Du Jacquot... Emotion zéro.

L'histoire : Célestine est femme de chambre et au bureau de placement on la qualifie d'instable car elle quitte ses jobs souvent. On lui propose un poste en province : elle fait le nez. On insiste en lui disant qu'on ne lui proposera bientôt plus rien du tout si elle continue à avoir ce comportement. Elle accepte donc. Sa nouvelle maîtresse est tyrannique (mais pas plus que certains patrons d'aujourd'hui), le maître tente sa chance pour la bagatelle (idem), le jardinier est sexy mais muet... Au fur et à mesure de ses journées laborieuses, Célestine se souvient d'autres places qu'elle a occupées, et qui toutes lui laissent des souvenirs amers.

Mon avis : Vous vous en souvenez peut-être, je suis loin d'être une admiratrice de Benoît Jacquot, dont je trouve les films sans âme, sans émotion. Je n'aime pas forcément non plus sa façon de filmer, intégrant des stylistiques qui contrastent avec le sujet. C'est un parti pris artistique, certes, mais il ne me convient pas.

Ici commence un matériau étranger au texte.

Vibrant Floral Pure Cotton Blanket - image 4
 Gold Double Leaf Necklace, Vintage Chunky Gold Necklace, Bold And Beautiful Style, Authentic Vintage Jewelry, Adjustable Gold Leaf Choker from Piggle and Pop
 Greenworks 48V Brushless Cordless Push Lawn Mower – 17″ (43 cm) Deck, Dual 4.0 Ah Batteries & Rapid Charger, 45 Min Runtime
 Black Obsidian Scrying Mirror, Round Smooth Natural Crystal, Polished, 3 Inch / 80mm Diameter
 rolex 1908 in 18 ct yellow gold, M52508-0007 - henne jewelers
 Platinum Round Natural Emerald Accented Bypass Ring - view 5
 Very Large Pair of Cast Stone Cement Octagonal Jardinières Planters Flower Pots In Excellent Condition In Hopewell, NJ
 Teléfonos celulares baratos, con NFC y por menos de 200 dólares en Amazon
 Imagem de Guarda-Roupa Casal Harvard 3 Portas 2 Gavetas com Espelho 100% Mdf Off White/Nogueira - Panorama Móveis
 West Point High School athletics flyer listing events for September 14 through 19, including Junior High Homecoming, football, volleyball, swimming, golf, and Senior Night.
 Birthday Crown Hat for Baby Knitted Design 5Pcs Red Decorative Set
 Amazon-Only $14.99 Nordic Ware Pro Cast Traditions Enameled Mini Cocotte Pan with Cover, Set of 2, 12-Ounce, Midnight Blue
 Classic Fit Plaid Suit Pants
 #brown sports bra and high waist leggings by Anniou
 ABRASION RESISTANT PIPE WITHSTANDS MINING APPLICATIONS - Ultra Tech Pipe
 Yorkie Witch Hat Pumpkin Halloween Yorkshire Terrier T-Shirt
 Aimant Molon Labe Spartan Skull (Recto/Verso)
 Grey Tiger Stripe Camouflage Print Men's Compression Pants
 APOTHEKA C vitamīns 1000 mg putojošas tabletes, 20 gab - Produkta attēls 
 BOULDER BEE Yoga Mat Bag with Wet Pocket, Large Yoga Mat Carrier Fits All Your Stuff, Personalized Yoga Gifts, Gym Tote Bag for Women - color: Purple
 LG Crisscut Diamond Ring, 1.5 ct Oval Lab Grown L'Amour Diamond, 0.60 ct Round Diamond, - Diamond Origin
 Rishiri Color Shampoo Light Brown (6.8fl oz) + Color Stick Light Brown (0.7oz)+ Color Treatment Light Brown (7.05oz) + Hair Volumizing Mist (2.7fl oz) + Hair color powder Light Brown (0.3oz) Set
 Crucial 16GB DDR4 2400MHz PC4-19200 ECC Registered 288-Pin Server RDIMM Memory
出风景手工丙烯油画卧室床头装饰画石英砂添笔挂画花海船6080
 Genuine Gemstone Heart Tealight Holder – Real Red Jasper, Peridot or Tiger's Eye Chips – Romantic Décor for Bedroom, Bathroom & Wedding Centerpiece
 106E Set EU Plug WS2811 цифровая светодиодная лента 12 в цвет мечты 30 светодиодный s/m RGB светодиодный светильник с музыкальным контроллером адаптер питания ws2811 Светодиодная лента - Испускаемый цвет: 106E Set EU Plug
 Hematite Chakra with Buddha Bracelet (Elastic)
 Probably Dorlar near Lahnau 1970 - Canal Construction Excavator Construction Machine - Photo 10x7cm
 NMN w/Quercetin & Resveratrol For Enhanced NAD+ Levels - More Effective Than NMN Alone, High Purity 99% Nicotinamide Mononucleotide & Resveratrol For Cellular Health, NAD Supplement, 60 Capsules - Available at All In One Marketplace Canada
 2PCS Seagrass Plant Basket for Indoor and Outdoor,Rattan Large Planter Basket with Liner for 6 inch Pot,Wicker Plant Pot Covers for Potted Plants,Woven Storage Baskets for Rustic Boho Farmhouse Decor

Genre plans séquences à n'en plus finir dans La fille seule... c'est-à-dire du temps réel dans la vie d'une femme de chambre (déjà ? l'homme aurait-il des fantasmes ?) qui arpente les couloirs de l'hôtel : résultat on s'ennuie lourd ! Ou bien ici une caméra épaule dans un film se passant au tout début du XXe siècle, donc un élément très moderne qui - à mon goût perso - ne sied pas à la "vitesse" de cette époque. Un grand aspect de ma vision du cinéma repose sur la COHERENCE, l'harmonie.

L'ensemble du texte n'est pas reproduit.